Andrew Mezvinsky is an American artist working across animation, drawing, painting, performance, and installation. Central to Mezvinsky’s practice – which at present comprises textile-based paintings, video, artist books, set design, and works on paper – is a continuous engagement with the challenges inherent to the cultural and semiotic act of translation. What is lost in that interstitial transit between what is expressed and what is perceived? What incommunicable stories lie hidden between the layers of compounded time that constitute how we see the present? A trained painter and draughtsman, Mezvinsky explores these concerns within the historical and material framework of the pictorial plane. Through formal methods of cutting, dissecting, suturing, and display, he approaches the two-dimensional surface with the surgical precision of an archaeologist to spatialize and make visible the crudest elements of experience perpetually lost in translation.
Mezvinsky appropriates antiquated historical and allegorical imagery – the latter a time-worn vehicle for translation – in his paintings and cut-out works on paper. Pastoral landscapes reminiscent of Toile de Jouy, early Dutch master paintings, and commedia dell’arte characters figure recurrently as they are carefully deconstructed and re-contextualized in Mezvinsky’s hands, partially erased and re-assigned yet another layer of meaning within the artist’s visual lexicon.

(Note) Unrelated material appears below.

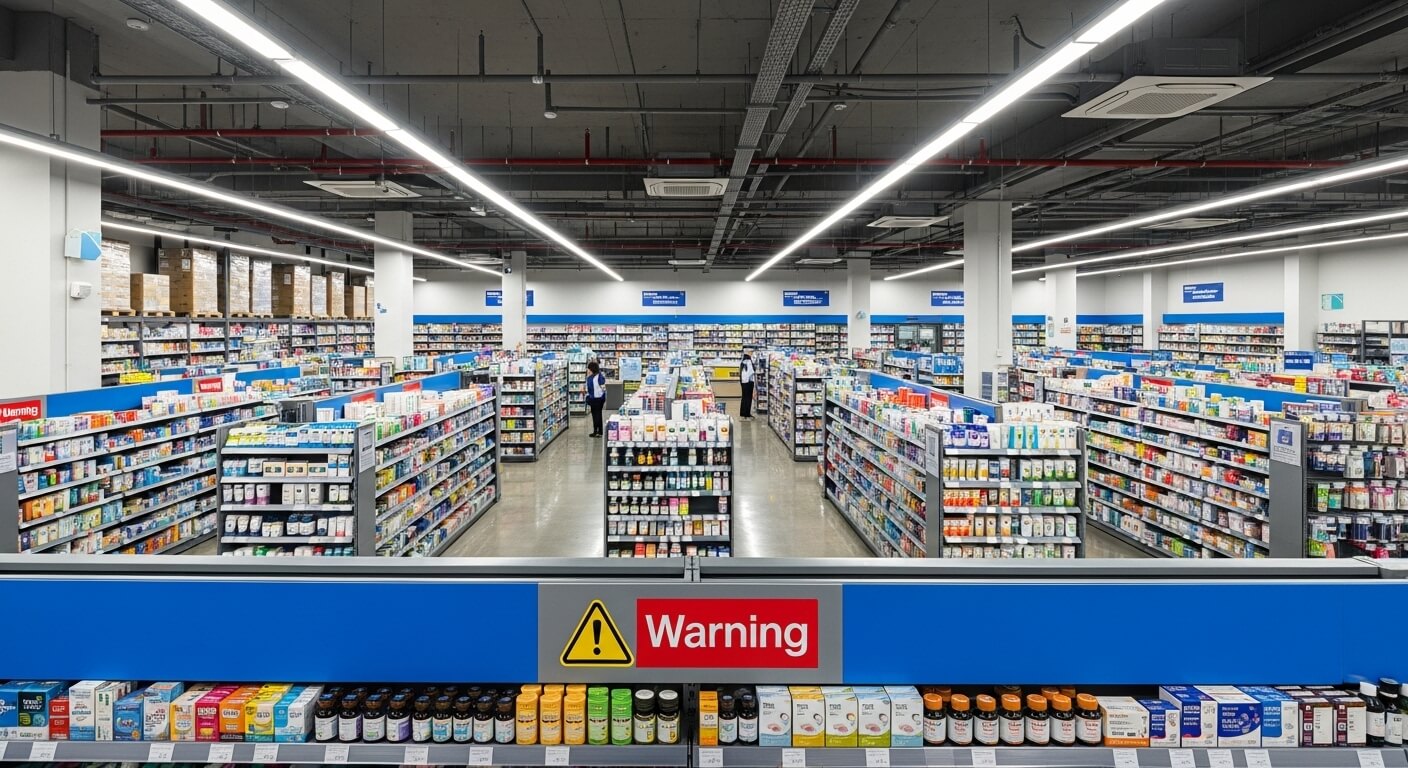 대형매장에 창고형 약들이 진렬되어있다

One approach to this careful breaking down and reconstituting of history is what the artist terms ‘sculptural drawing’: a technique of decompressing the picture plane by cutting out the fore, mid, and backgrounds of delicate albeit densely detailed drawings and re-composing them like a three-dimensional collage. Within the installations Dietro Liceo, Davanti Museo (2013) and A Good Day (2013/15) each framed element becomes a discrete theater of intricate paper cut-outs, stacked one in front of the other to create ethereal telescoping landscapes. Both the set of Il Fazzoletto, an operetta staged in 2011 at the Performance Art Institute, San Francisco, and Human Cave: Shadow of restoration hang obscured above (2015), a recreation of a Vietnamese cave composed of 58 manipulated X-Rays, engulf the spaces they hang in. These works suggest that history is not consolidated and safely preserved in the past, but that its layers extend into the future. In A Moveable Feast (2011), five large-scale drawings are framed on rolling structures akin to those that carry chalkboards. Arranged in a vertebral sequence they conspire to produce a uniform image, yet side by side they offer a different narrative. The verso of each screen features a crude connective illustration that runs through the five pieces, telling its own independent story. In all of these works the viewer is encouraged to move through and around the typically two-dimensional, and to viscerally discover that there is literally more than meets the eye when perceiving the flattened image head-on.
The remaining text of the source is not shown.